A growing field of grassroots candidates is seeking seats next year on the Minneapolis Park and Recreation Board, judging by the turnout at a Parks and Power open house for candidates last week.

At least 10 candidates, seven of them previously below the radar, identified themselves as running or interested in doing so to the 35 people attending the event held at Hope Community.

The multi-racial field lends credibility to the argument that arguments over racial equity in park services will be a major theme in the campaign.

Parks and Power has alleged inequities in park programs and facilities for low-income neighborhoods. But organizer Jake Virden said the nonprofit organization can't endorse candidates due to its tax status.

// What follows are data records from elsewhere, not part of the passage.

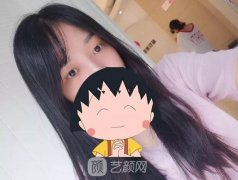 成都嬌點姜宇祿雙眼皮修復(fù)案例，重獲新生！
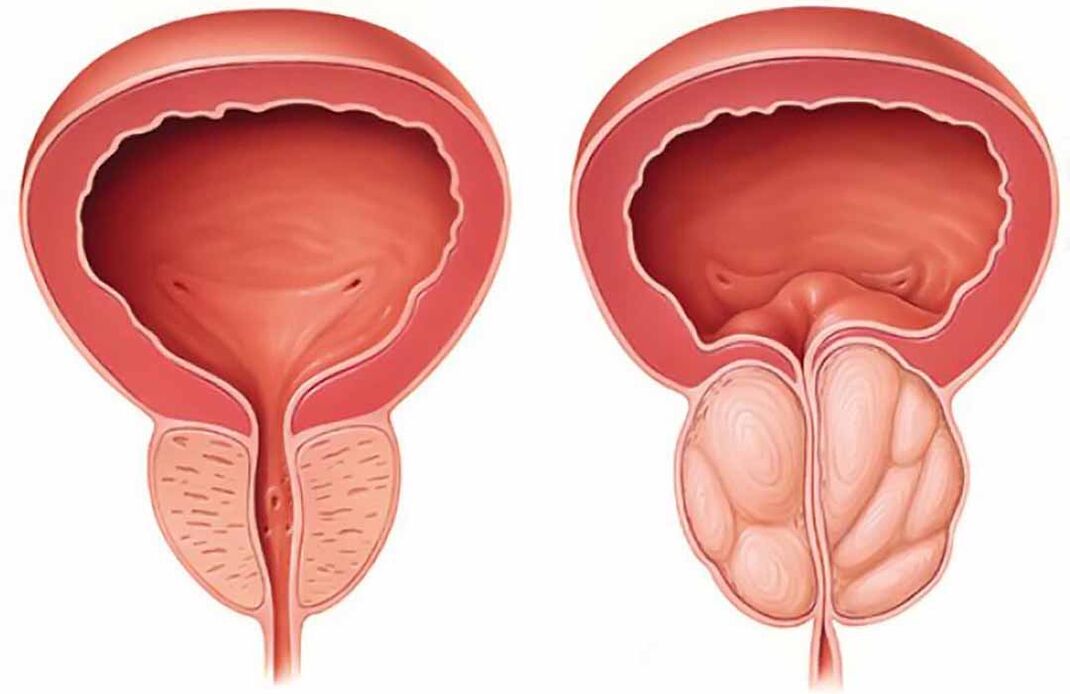 Normāla prostata un prostatas dziedzera iekaisums (hronisks prostatīts)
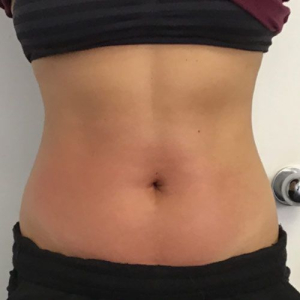 bliss 6 after bliss 6 after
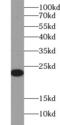 CD3 antibody, FNab01458, FineTest, Western Blot image 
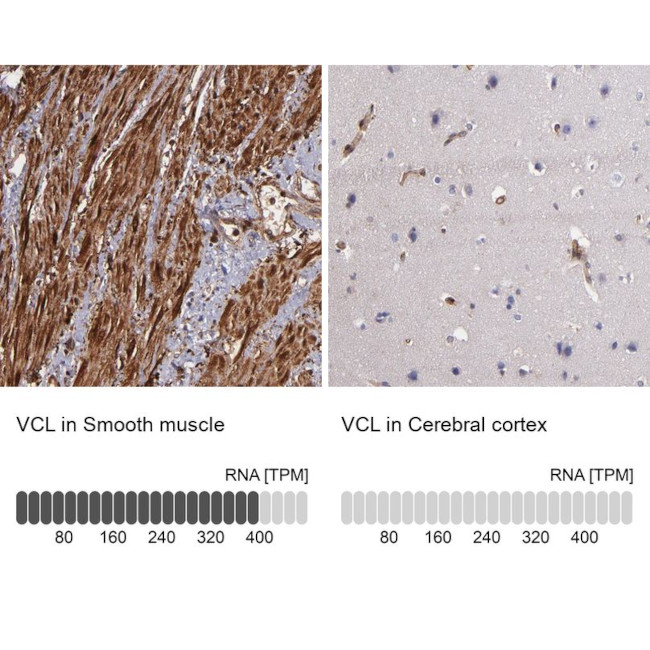 Vinculin Antibody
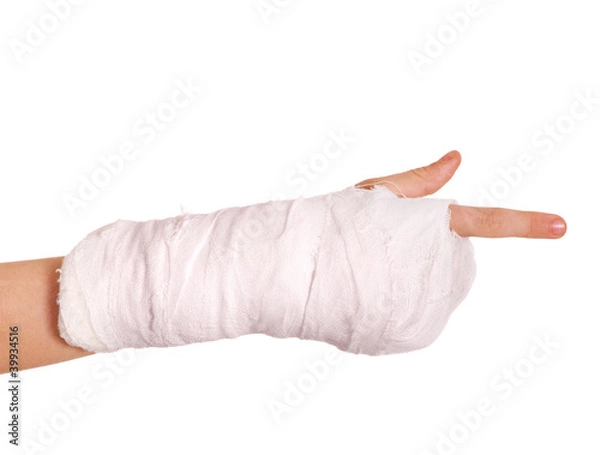 Fototapeta Broken arm in a cast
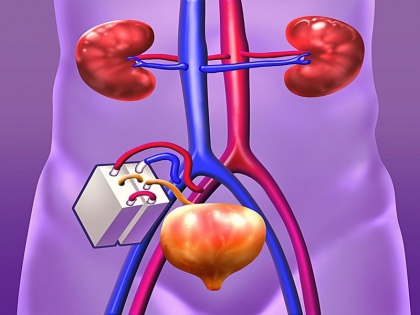 Scientists Have Developed a Bionic Kidney for kidney transplantation and dialysis | वैज्ञानिकों ने बना ली आर्टिफिशियल किडनी, डायलिसिस के लिए अब हर दूसरे दिन नहीं भागना पड़ेगा अस्पताल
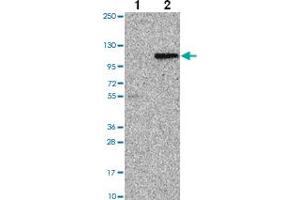 Western blot analysis of Lane 1: Negative control (vector only transfected HEK293T lysate) Lane 2: Over-expression Lysate (Co-expressed with a C-terminal myc-DDK tag (~3. (TUBGCP3 antibody)
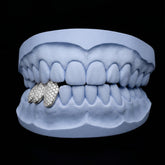 Iced triple cap grillz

For three city-wide seats that all voters may fill, those who disclosed that they're considering a run are Khusaba Seka of the Powderhorn neighborhood, Asha Long of Lowry Hill and Cindy Wilson, a veteran Park Board employee who has been critical of the board. Three-term Incumbent John Erwin also attended, although he's not definitively said whether he'll seek another term.

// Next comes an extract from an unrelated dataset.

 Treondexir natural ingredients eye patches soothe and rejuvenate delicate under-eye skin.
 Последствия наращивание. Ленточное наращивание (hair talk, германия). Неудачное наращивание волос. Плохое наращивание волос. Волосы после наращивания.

Russ Henry of Longfellow, who already has announced his plans, also attended. Also in the field are incumbent Meg Forney, with others who have said they're likely to run including former commissioner Bob Fine and Mike Tate of Webber-Camden.

Ailing long-time incumbent Annie Young hasn't said whether she'll seek a seventh term.

The unfolding field leaves four-term North Side Commissioner Jon Olson as the only incumbent to not have a identified challenger so far. There's some irony in that given that his district is the only one to emerge from the last round of redistricting with a non-white majority.

Two other newcomers have announced their candidates since the event. One is Cedar-Riverside neighborhood resident Abdi (Gurhan) Mohamed, 30, who announced Friday and is the first declared candidate in the south-central District 3. The owner of a home personal care business is a board member of the West Bank Community Coalition. Three-term incumbent Scott Vreeland hasn't indicated whether he'll run. Two others, Londel French, an teacher union organizing living in Central neighborhood, and Eric Brenneman of Corcoran, also are considering running.

Another declared candidate, Christopher Meyer, 31, of Marcy-Holmes neighborhood, could test two-term East Side incumbent Liz Wielinski.  He brings experience as a political organizer and said he he'll try to raise $10,000 for a campaign that's expected to also rely on door-to-door shoe leather. Wielinski entered 2016 with a campaign treasury of about $14,000, more than twice any other incumbent.

Meanwhile, Loring Park resident Jae Bryson, 54, said he's running in District 4, which includes downtown and runs west to the city border. He's publisher of One Nation News, part of a multicultural media company. Incumbent Anita Tabb has indicated she'll likely not run again, but former commissioner Tom Nordyke of the Cedar-Isles-Dean neighborhood has said he's strongly considering a comeback in the district.

Meanwhile, Turner Neal of the Keewaydin neighborhood said he's thinking of challenging Steffanie Musich, who is seeking a second term in the Nokomis-area District 5. No additional candidates has emerged in southwestern District 6, where incumbent Brad Bourn is likely to seek a third term, with challengers Michael Derus and Hershel Ousley also running and 2013 opponent Josh Neiman not ruling out a run.